Write out every entry word for word.

[Extracted data entries]
===
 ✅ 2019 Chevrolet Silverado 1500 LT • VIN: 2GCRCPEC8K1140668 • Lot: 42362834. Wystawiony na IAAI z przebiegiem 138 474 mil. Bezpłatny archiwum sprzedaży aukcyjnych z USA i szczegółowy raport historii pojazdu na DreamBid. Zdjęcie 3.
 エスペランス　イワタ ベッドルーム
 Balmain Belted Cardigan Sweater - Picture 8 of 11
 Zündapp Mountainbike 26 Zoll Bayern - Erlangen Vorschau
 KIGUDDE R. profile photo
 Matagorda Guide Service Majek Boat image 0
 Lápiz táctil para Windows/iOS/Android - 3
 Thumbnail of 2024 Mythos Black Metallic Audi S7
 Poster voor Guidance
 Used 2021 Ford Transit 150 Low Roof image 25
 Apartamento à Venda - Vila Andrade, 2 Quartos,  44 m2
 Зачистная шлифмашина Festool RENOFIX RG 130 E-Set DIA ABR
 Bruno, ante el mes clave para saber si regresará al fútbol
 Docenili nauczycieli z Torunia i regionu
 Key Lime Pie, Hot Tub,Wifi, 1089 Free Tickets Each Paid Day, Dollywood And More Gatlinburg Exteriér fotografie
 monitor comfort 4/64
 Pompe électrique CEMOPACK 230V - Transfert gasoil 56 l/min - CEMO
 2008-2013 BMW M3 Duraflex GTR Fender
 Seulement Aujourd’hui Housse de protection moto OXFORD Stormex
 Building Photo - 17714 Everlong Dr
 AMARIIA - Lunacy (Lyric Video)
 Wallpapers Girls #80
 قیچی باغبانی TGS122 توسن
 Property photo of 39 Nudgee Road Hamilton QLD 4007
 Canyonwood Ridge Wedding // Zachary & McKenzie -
===
Answer to this problem >>
 ✅ 2019 Chevrolet Silverado 1500 LT • VIN: 2GCRCPEC8K1140668 • Lot: 42362834. Wystawiony na IAAI z przebiegiem 138 474 mil. Bezpłatny archiwum sprzedaży aukcyjnych z USA i szczegółowy raport historii pojazdu na DreamBid. Zdjęcie 3.
 エスペランス　イワタ ベッドルーム
 Balmain Belted Cardigan Sweater - Picture 8 of 11
 Zündapp Mountainbike 26 Zoll Bayern - Erlangen Vorschau
 KIGUDDE R. profile photo
 Matagorda Guide Service Majek Boat image 0
 Lápiz táctil para Windows/iOS/Android - 3
 Thumbnail of 2024 Mythos Black Metallic Audi S7
 Poster voor Guidance
 Used 2021 Ford Transit 150 Low Roof image 25
 Apartamento à Venda - Vila Andrade, 2 Quartos,  44 m2
 Зачистная шлифмашина Festool RENOFIX RG 130 E-Set DIA ABR
 Bruno, ante el mes clave para saber si regresará al fútbol
 Docenili nauczycieli z Torunia i regionu
 Key Lime Pie, Hot Tub,Wifi, 1089 Free Tickets Each Paid Day, Dollywood And More Gatlinburg Exteriér fotografie
 monitor comfort 4/64
 Pompe électrique CEMOPACK 230V - Transfert gasoil 56 l/min - CEMO
 2008-2013 BMW M3 Duraflex GTR Fender
 Seulement Aujourd’hui Housse de protection moto OXFORD Stormex
 Building Photo - 17714 Everlong Dr
 AMARIIA - Lunacy (Lyric Video)
 Wallpapers Girls #80
 قیچی باغبانی TGS122 توسن
 Property photo of 39 Nudgee Road Hamilton QLD 4007
 Canyonwood Ridge Wedding // Zachary & McKenzie -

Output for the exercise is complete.